WORK TO BE COMPLETED: Each record that comes next should be output exactly; pictures do not belong in the copy.
-------- STORED DATA --------
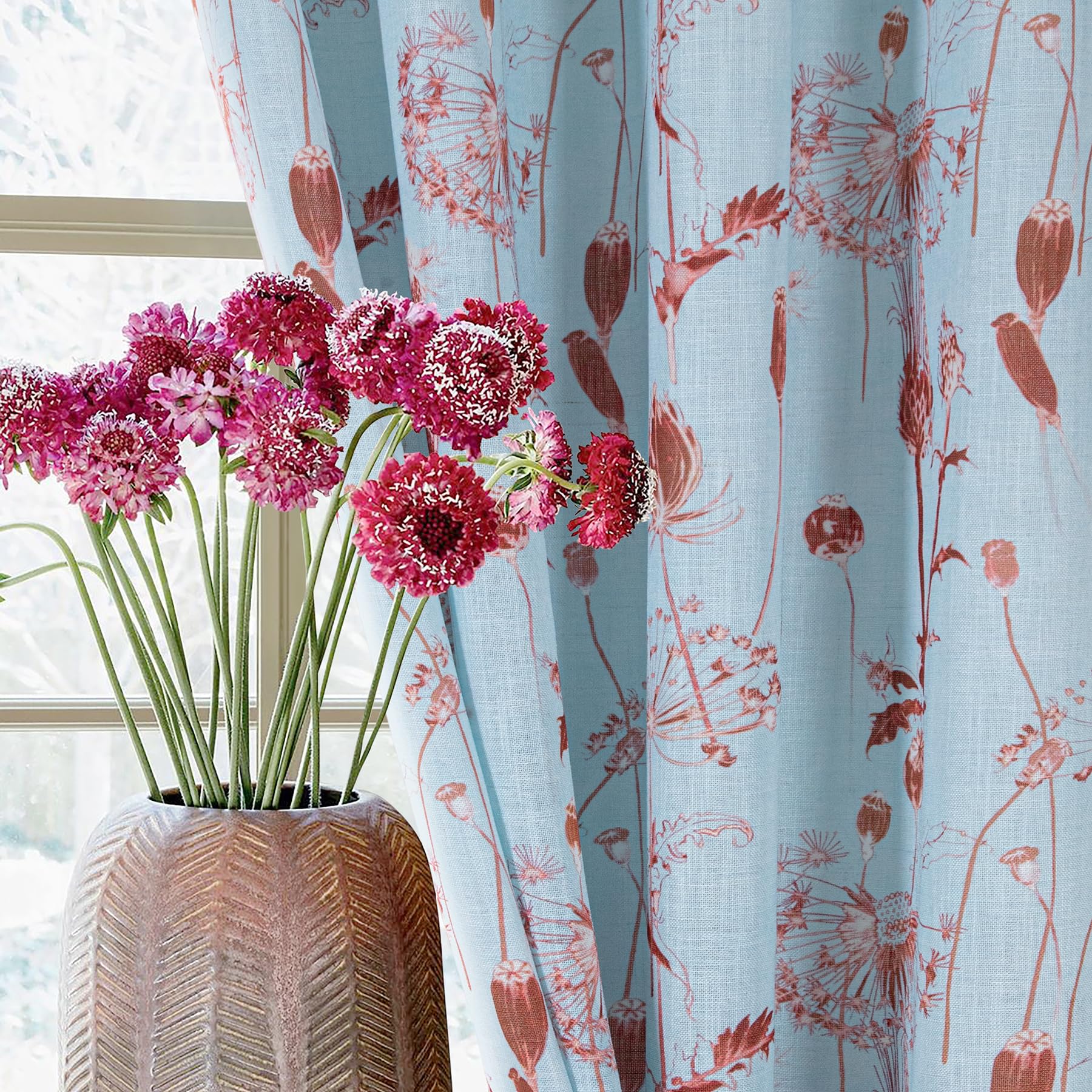 Rideaux imprimé floral rouge salon et chambre style ferme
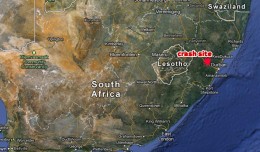 The Beechcraft hit a mountain about 40 miles northwest of Durban, South Africa. (Map by NYCAviation/Google Maps)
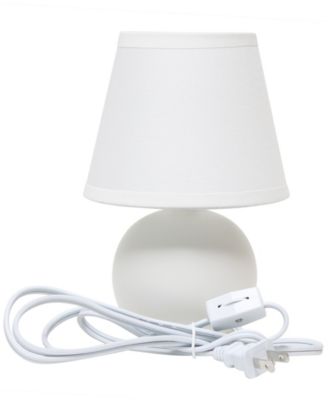 Nauru 8.66" Traditional Petite Ceramic Orb Bedside Table Desk Lamp with Tapered Drum Fabric Shade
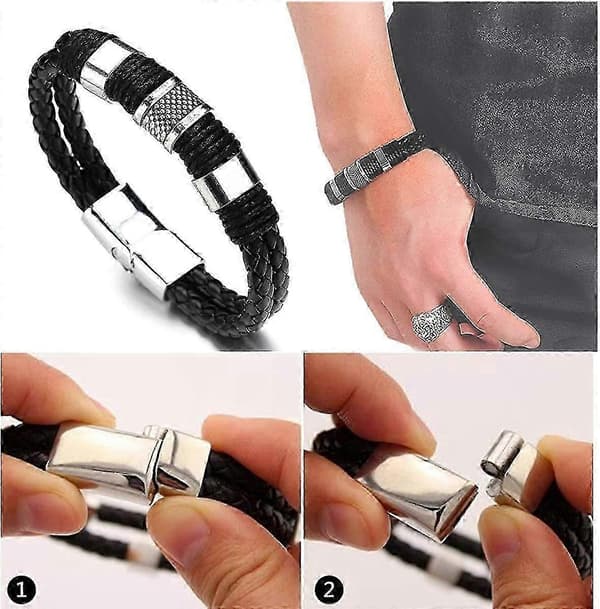 Mode læderarmbånd til Heilwiy mænd ungdomsgave sort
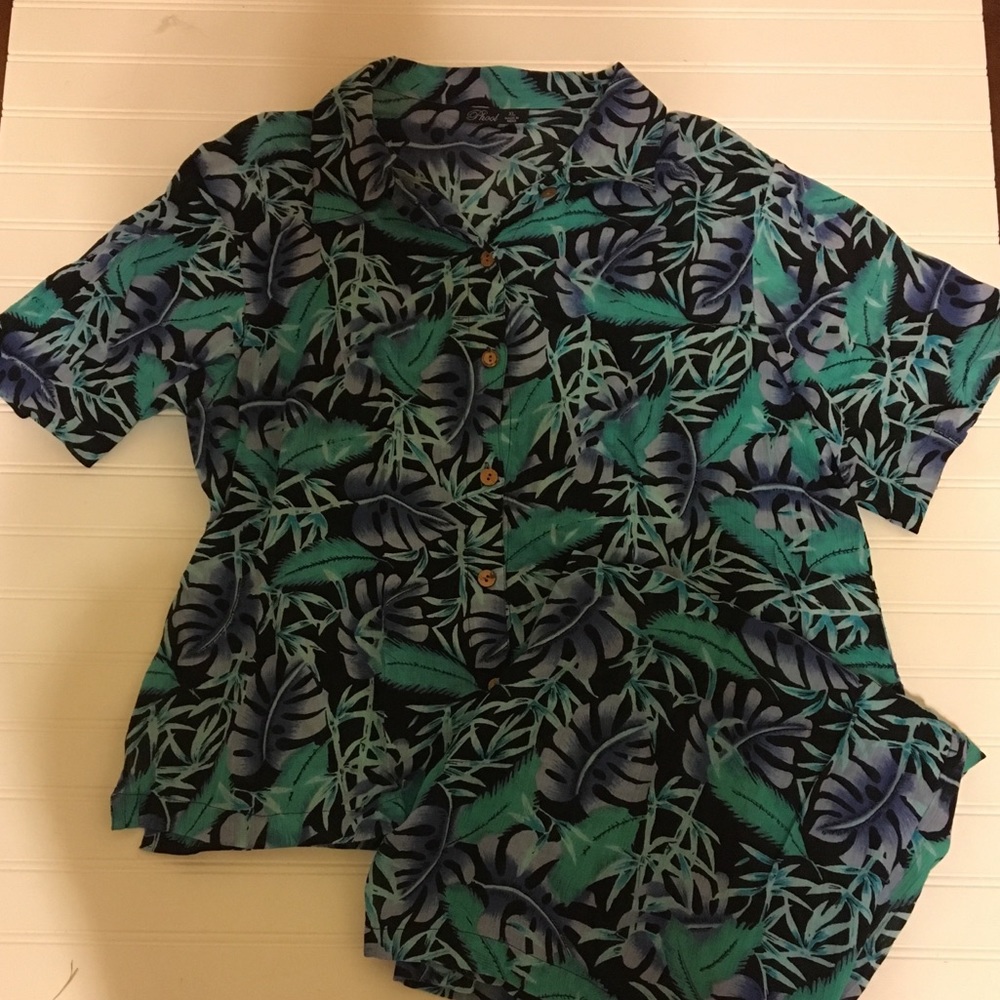 Tropical Black and Blue Short Set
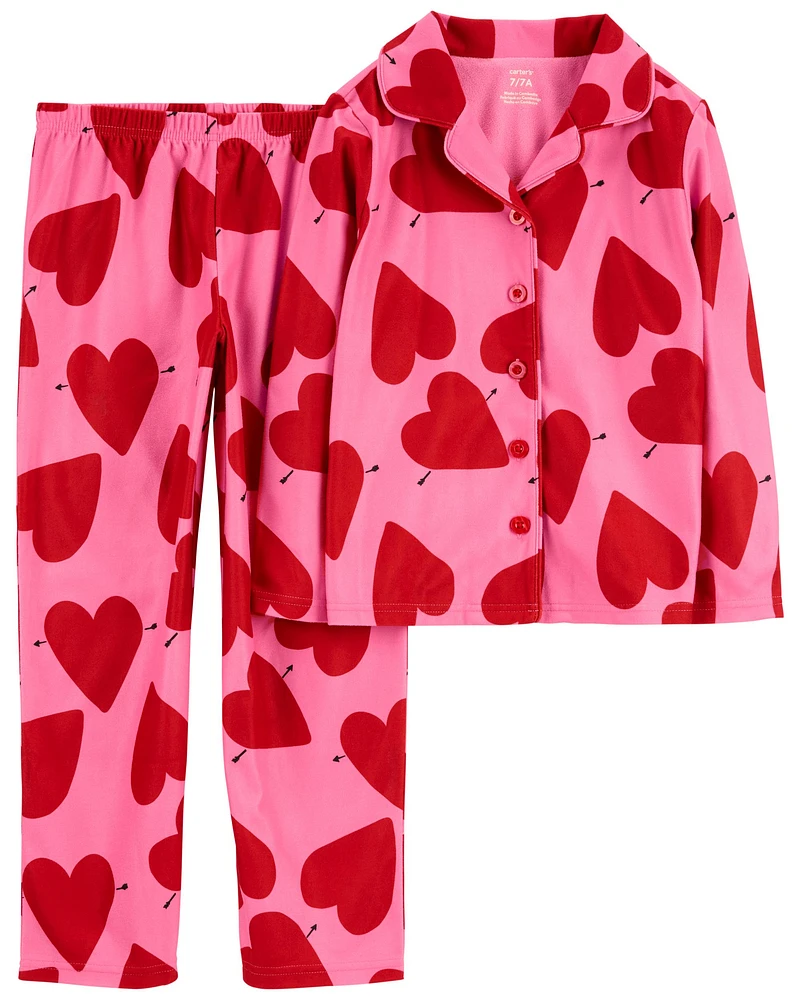 Kid Heart Print Valentine's Day Fleece 2-Piece Pyjamas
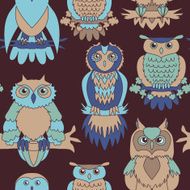 Cute owl seamless pattern N15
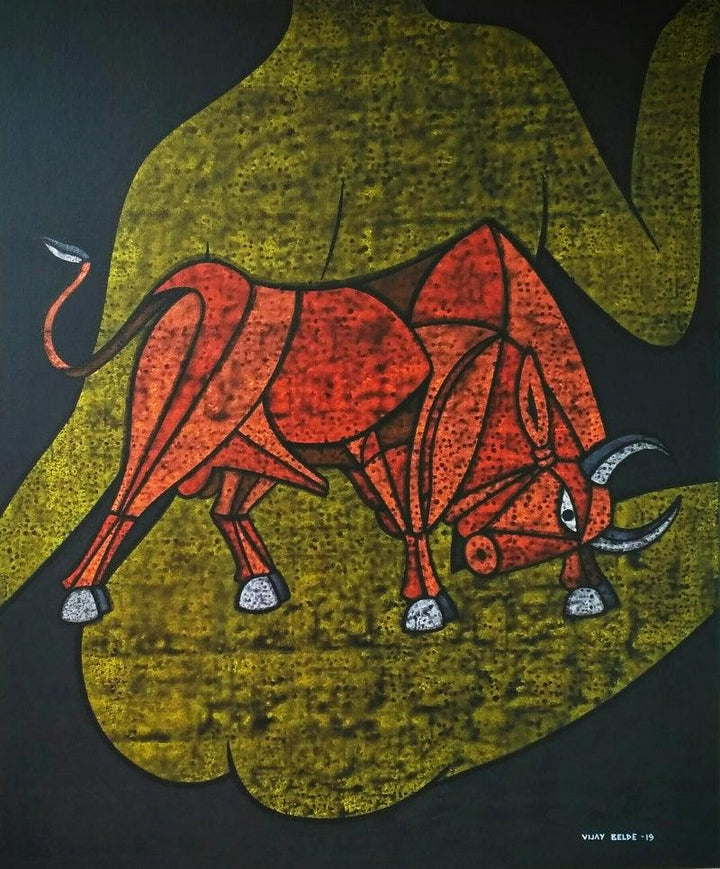 Bull 34 Painting by Vijay Belde | ArtZolo.com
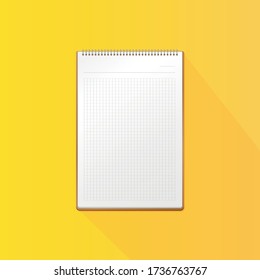 Spiral notepad vector design on yellow background.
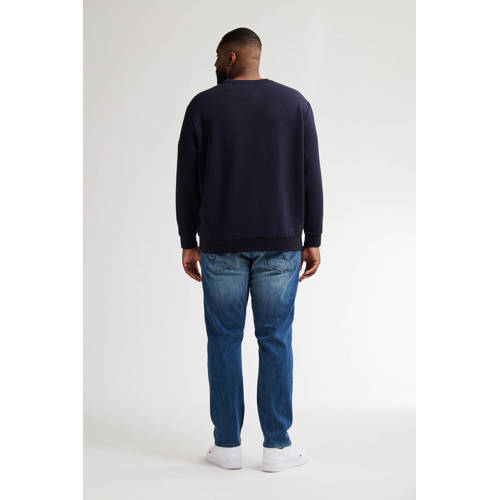 Petrol industries Plus Size sweater met textuur donkerblauw afbeelding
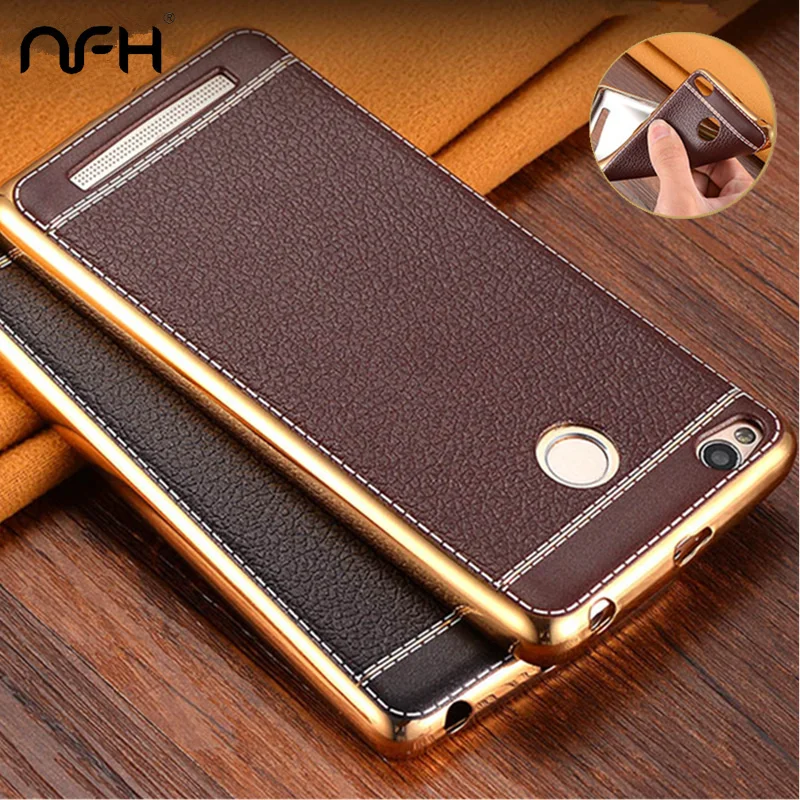 

Litchi Leather Skin Soft Case For Xiaomi Redmi 3S Xiaomi Redmi 3S Pro Electroplating Bumper Silicone Back Cover Case On Redmi 3S
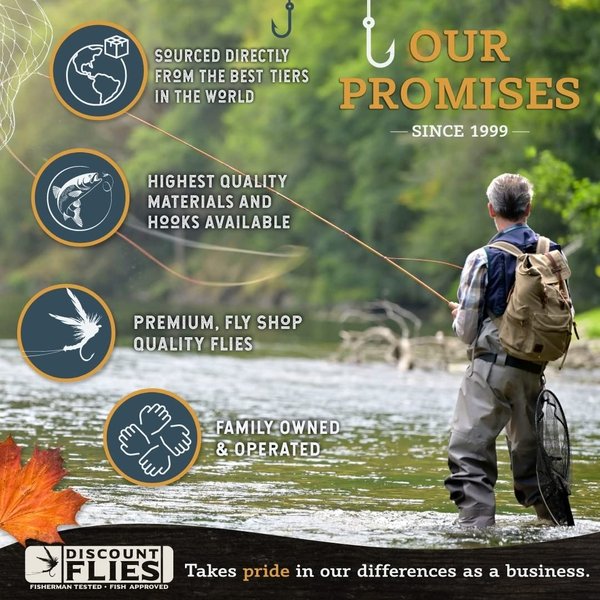 DiscountFlies Clouser & Deceiver Fly Fishing Flies – Fishing Kit w/3 Clouser Minnow Flies, 3 Deceiver Flies, & Fly Box – Realistic & Effective Flies for Fly Fishing for Freshwater & Saltwater Fishing
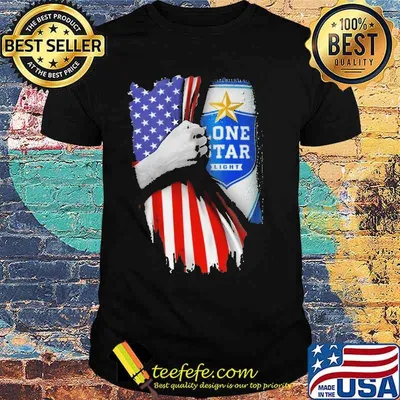 Drinking American Flag Lone Star Beer Shirt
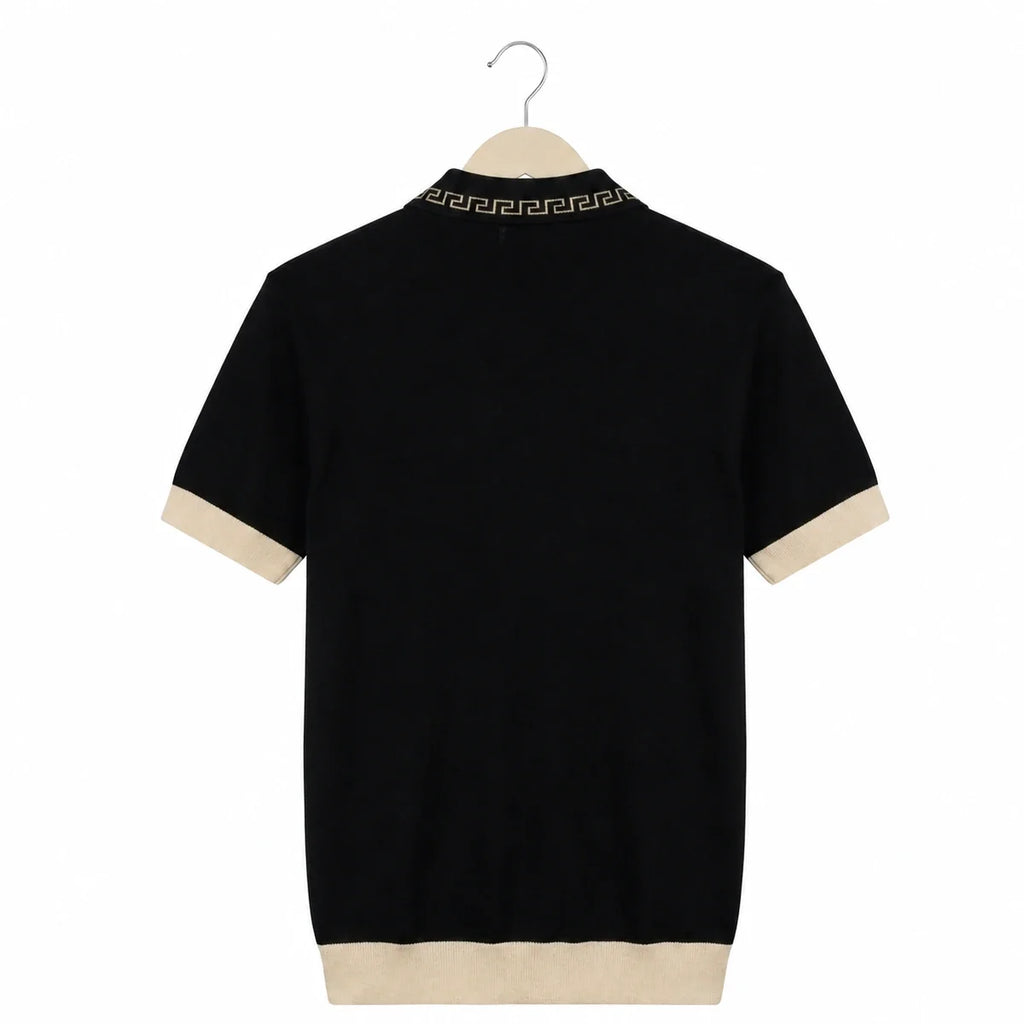 WEELZ Geometric-Collar Zip Knit Polo in Black & Cream — back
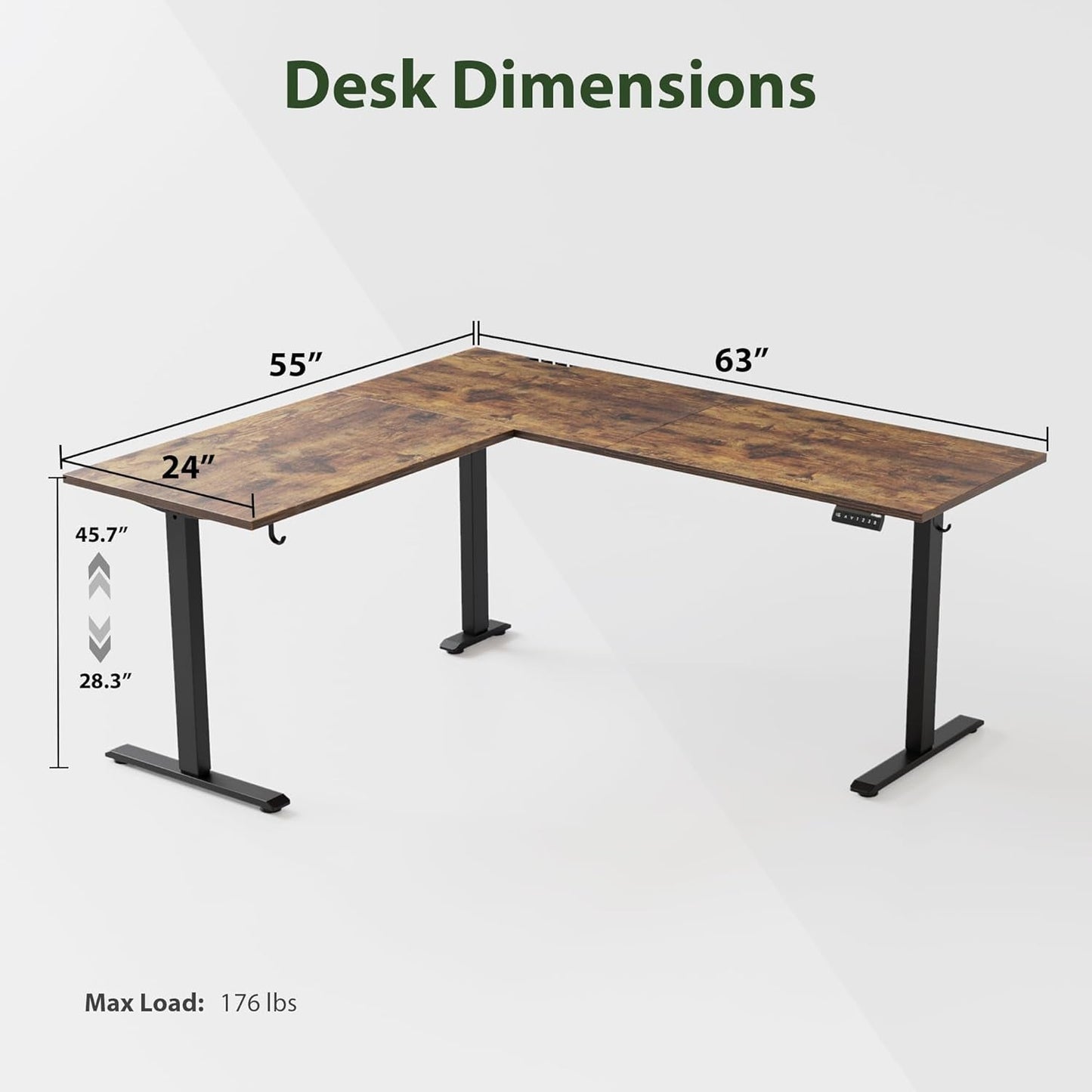 L Shaped Standing Desk Adjustable Height, Electric Corner Standing Desk, 63 X 55 Inch Sit Stand Computer Table with Splice Board, Rustic Brown-2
--------
TASK SOLUTION:
 Rideaux imprimé floral rouge salon et chambre style ferme
 The Beechcraft hit a mountain about 40 miles northwest of Durban, South Africa. (Map by NYCAviation/Google Maps)
 Nauru 8.66" Traditional Petite Ceramic Orb Bedside Table Desk Lamp with Tapered Drum Fabric Shade
 Mode læderarmbånd til Heilwiy mænd ungdomsgave sort
 Tropical Black and Blue Short Set
 Kid Heart Print Valentine's Day Fleece 2-Piece Pyjamas
 Cute owl seamless pattern N15
 Bull 34 Painting by Vijay Belde | ArtZolo.com
 Spiral notepad vector design on yellow background.
 Petrol industries Plus Size sweater met textuur donkerblauw afbeelding

Litchi Leather Skin Soft Case For Xiaomi Redmi 3S Xiaomi Redmi 3S Pro Electroplating Bumper Silicone Back Cover Case On Redmi 3S
 DiscountFlies Clouser & Deceiver Fly Fishing Flies – Fishing Kit w/3 Clouser Minnow Flies, 3 Deceiver Flies, & Fly Box – Realistic & Effective Flies for Fly Fishing for Freshwater & Saltwater Fishing
 Drinking American Flag Lone Star Beer Shirt
 WEELZ Geometric-Collar Zip Knit Polo in Black & Cream — back
 L Shaped Standing Desk Adjustable Height, Electric Corner Standing Desk, 63 X 55 Inch Sit Stand Computer Table with Splice Board, Rustic Brown-2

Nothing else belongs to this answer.